## Instructions to follow
Include the line containing "ಸೌಂದರ್ಯ ಜೊತೆ ಮದುವೆಗೆ ರೆಡಿ ಆಗಿದ್ರಾ ಜಗಪತಿ? ಸೌಂದರ್ಯ" and all lines before it, repeated exactly from the listing below, without pictures.

## Source data
--
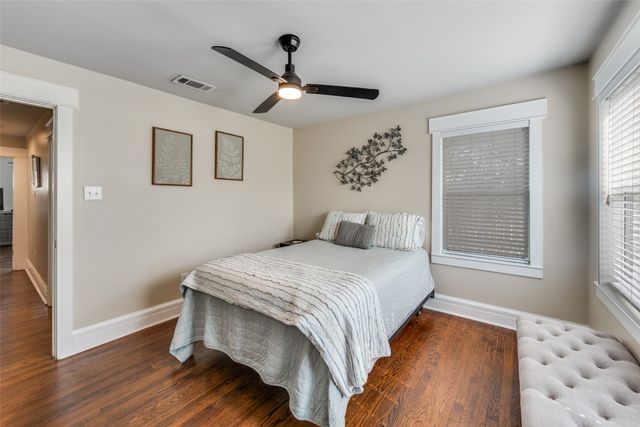 1113 Carlock Street, Fort Worth, TX 76110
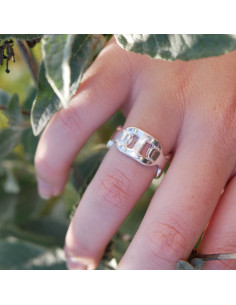 Bague ouverte constituée de mailles marine juxtaposées. 2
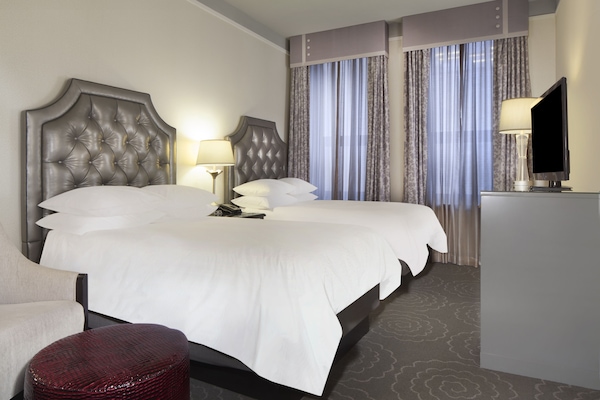 Luxe beddengoed, een kluis op de kamer, een bureau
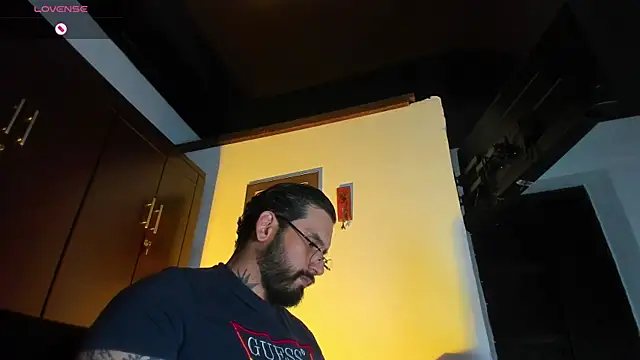 Snapshot of CamiloGray_ chatting on January 13, 1:48 pm CamiloGray online show from January 13, 1:48 pm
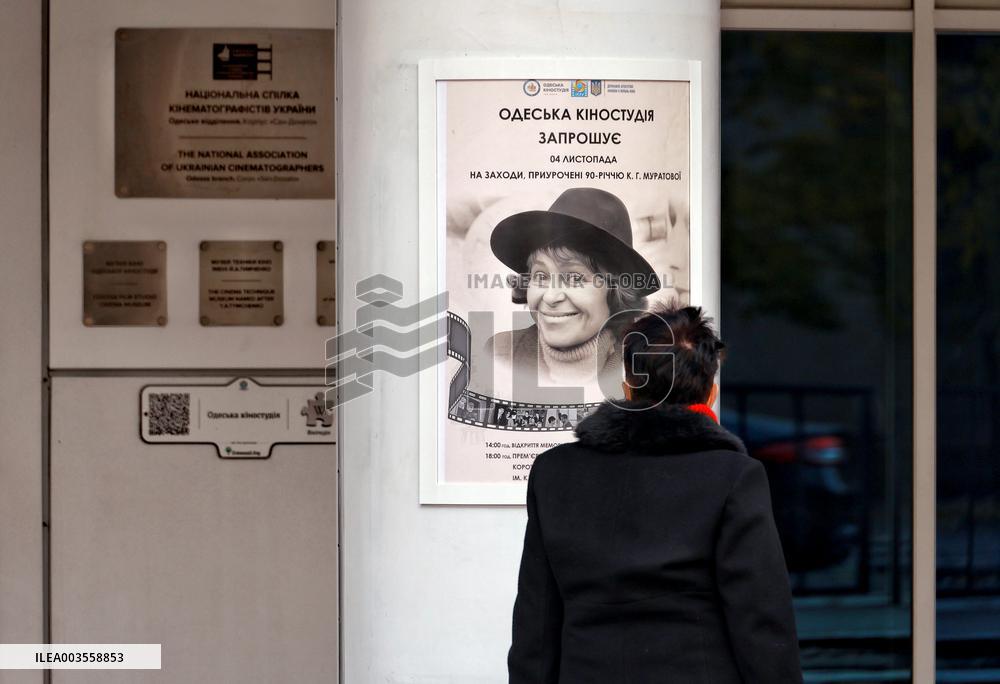 Memorial plaque to Kira Muratova unveiled on Odesa Film Studio building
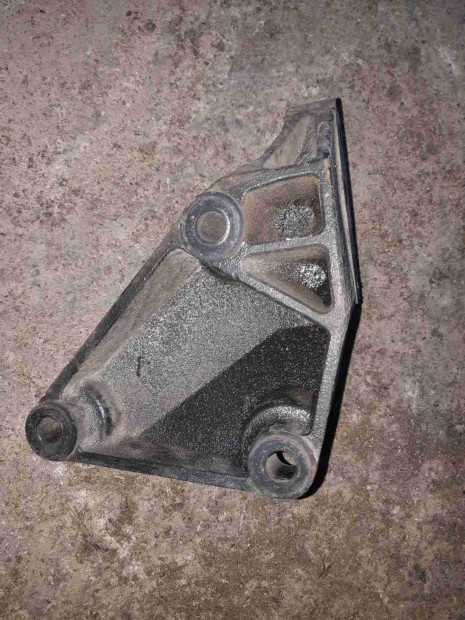 Opel Astra H Motortart Bak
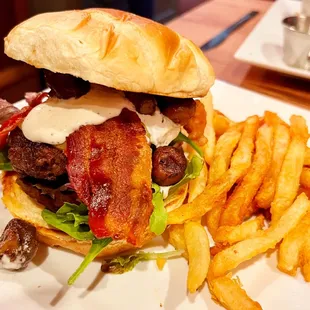 Thee Hf Cheeseburger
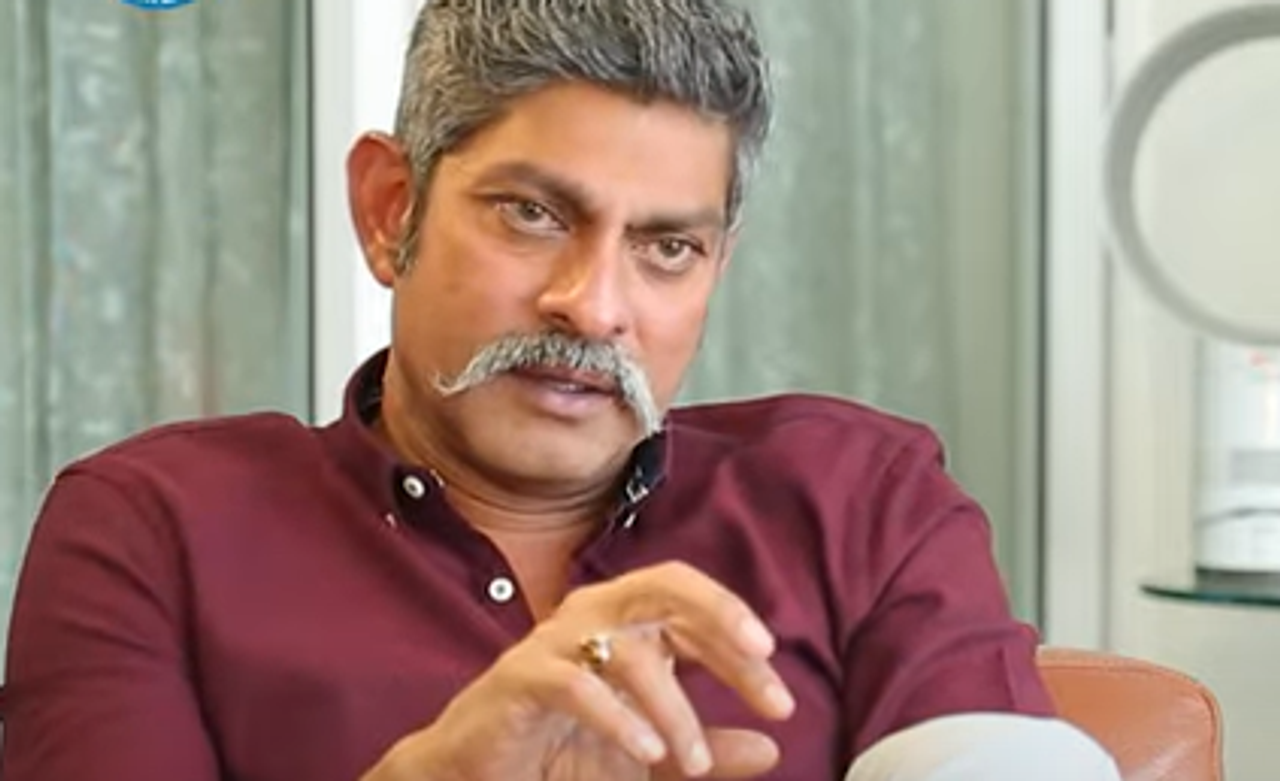 ಸೌಂದರ್ಯ ಜೊತೆ ಮದುವೆಗೆ ರೆಡಿ ಆಗಿದ್ರಾ ಜಗಪತಿ? ಸೌಂದರ್ಯ ಜೊತೆ ಮದುವೆಗೆ ರೆಡಿ ಆಗಿದ್ರಾ ಜಗಪತಿ?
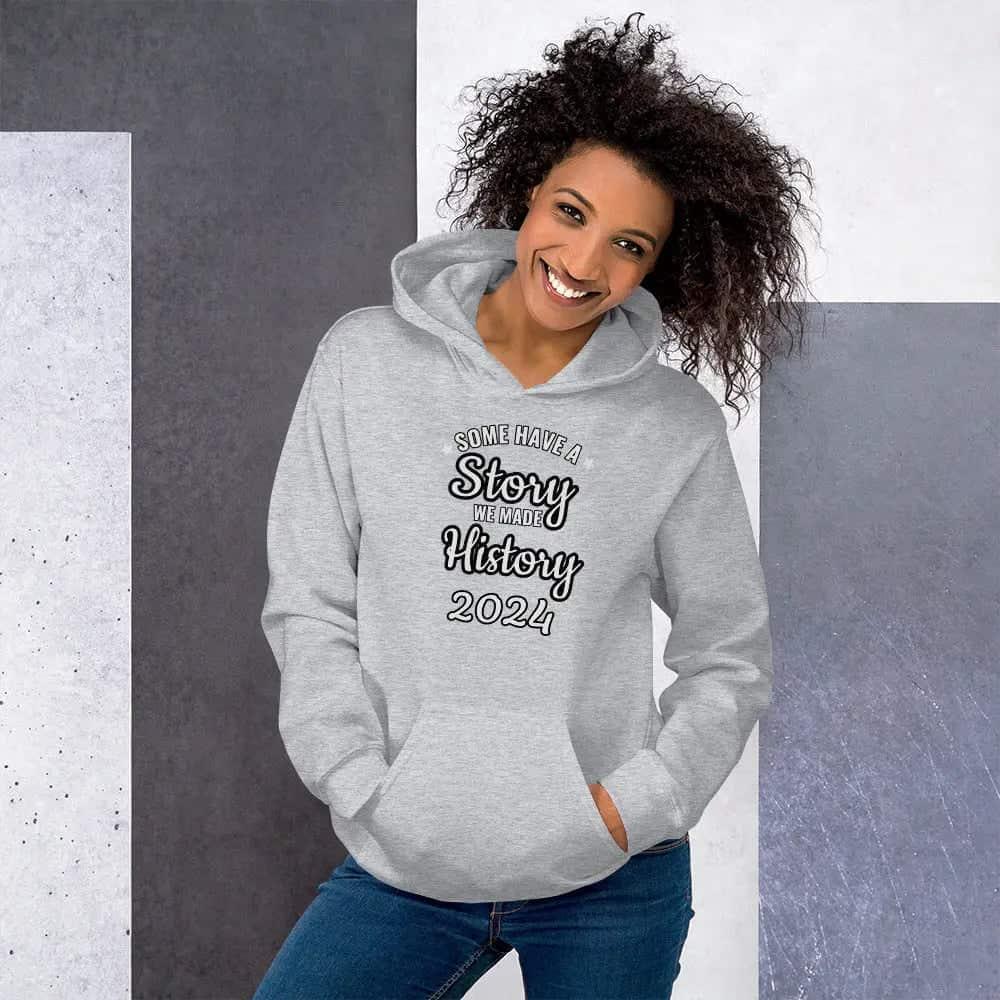 Grafik Damen Hoodie in Sportgrau, Baumwolle, personalisierbar, in Größen S bis 5XL, mit gedrucktem Design, von BUYATHOME24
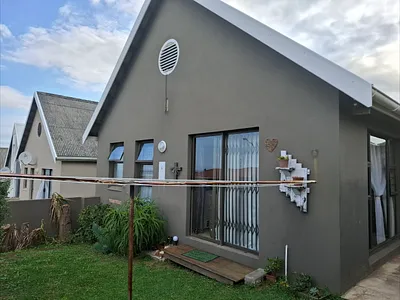 2 Bedroom Townhouse For Sale in East London - S3hE.webp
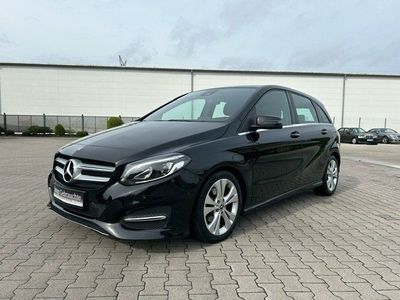 gebraucht Mercedes B180 Urban Automatik,LED,Navi,Park-Pilot,Sitzh.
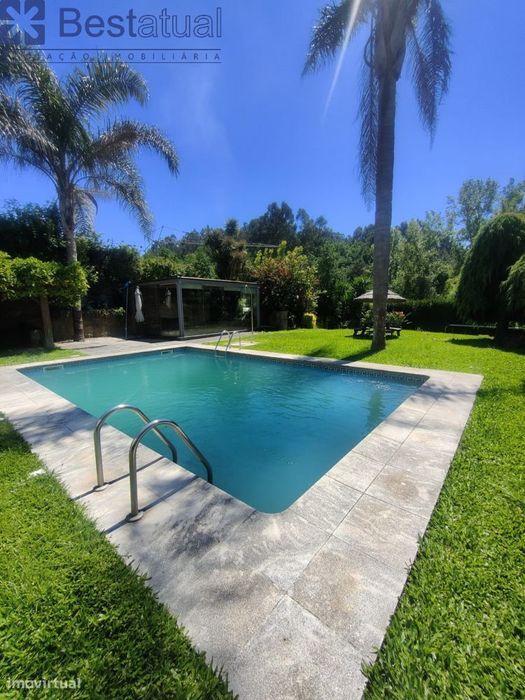 Moradia T 3 com piscina - Oportunidade!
--
## Task output
 1113 Carlock Street, Fort Worth, TX 76110
 Bague ouverte constituée de mailles marine juxtaposées. 2
 Luxe beddengoed, een kluis op de kamer, een bureau
 Snapshot of CamiloGray_ chatting on January 13, 1:48 pm CamiloGray online show from January 13, 1:48 pm
 Memorial plaque to Kira Muratova unveiled on Odesa Film Studio building
 Opel Astra H Motortart Bak
 Thee Hf Cheeseburger
 ಸೌಂದರ್ಯ ಜೊತೆ ಮದುವೆಗೆ ರೆಡಿ ಆಗಿದ್ರಾ ಜಗಪತಿ? ಸೌಂದರ್ಯ ಜೊತೆ ಮದುವೆಗೆ ರೆಡಿ ಆಗಿದ್ರಾ ಜಗಪತಿ?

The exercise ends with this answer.